|Eureka Seven consists of fifty episodes which aired from April 17, 2005, to April 2, 2006, on the Mainichi Broadcasting System and Tokyo Broadcasting System networks. Almost all of the show's episodes are named after real songs, composed by both Japanese and foreign artists.
The series focuses on Renton Thurston, the fourteen-year-old son of Adrock Thurston, a military researcher who died saving the world. He lives what he considers a boring life with his grandfather in a boring town. He loves lifting, a sport similar to surfing but with trapar, a substance abundant throughout the air, as the medium. He dreams of joining the renegade group Gekkostate, led by his idol Holland, a legendary lifter.

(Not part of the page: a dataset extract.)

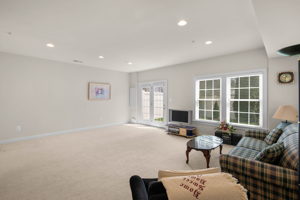 14731 Wootton Crossing Ct, Rockville, MD 20850, USA Photo 31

An opportunity to do so literally falls into his lap when a large mechanical robot, called the Nirvash typeZERO, and Eureka, its pilot and a member of Gekkostate, crash into Renton's room. Renton's grandfather orders him to deliver a special part to the Nirvash called the "Amita Drive", which releases the immense power dormant within the typeZERO called the "Seven Swell Phenomenon". Afterwards, Renton is invited to join Gekkostate, where he quickly discovers that the behind-the-scenes life of Gekkostate is hardly as glamorous or as interesting as printed in the glossy pages of their magazine, ray=out. Only one thing makes it all worthwhile for him: the presence of Eureka, the mysterious pilot of the Nirvash. Renton, Eureka, and the Gekkostate embark on an adventure that will shape their future as well as the world's.
Eureka Seven works on a wide variety of themes throughout its story. One of the most obvious themes in the series is racial integration, presented via the relationships in the series, e.g. Renton's with Eureka, who is not entirely human. Religious tolerance and harmony is presented in the characters' relationships and also the series' conflicts. Allegories of real world conflicts and wars, current political climates from Japan and abroad, depictions of surf culture and other subcultures and related musical movements that span several generations, and ties to environmental movements. The series also covers other more personal themes such as parenting, and family, along with a very innocent view of puppy love/love at first sight from Renton and Eureka. Personal identity and protection play a huge role for Renton and Eureka, as both of them say, "I am me" in the series multiple times, and Renton has sworn to protect Eureka. Continuing with themes addressed in previous series, responsibility and guilt manifest most explicitly with repeating the phrase, "You're going to carry that weight." The series works these themes, as well as the theme of growing up and change, into the journey of Renton Thurston.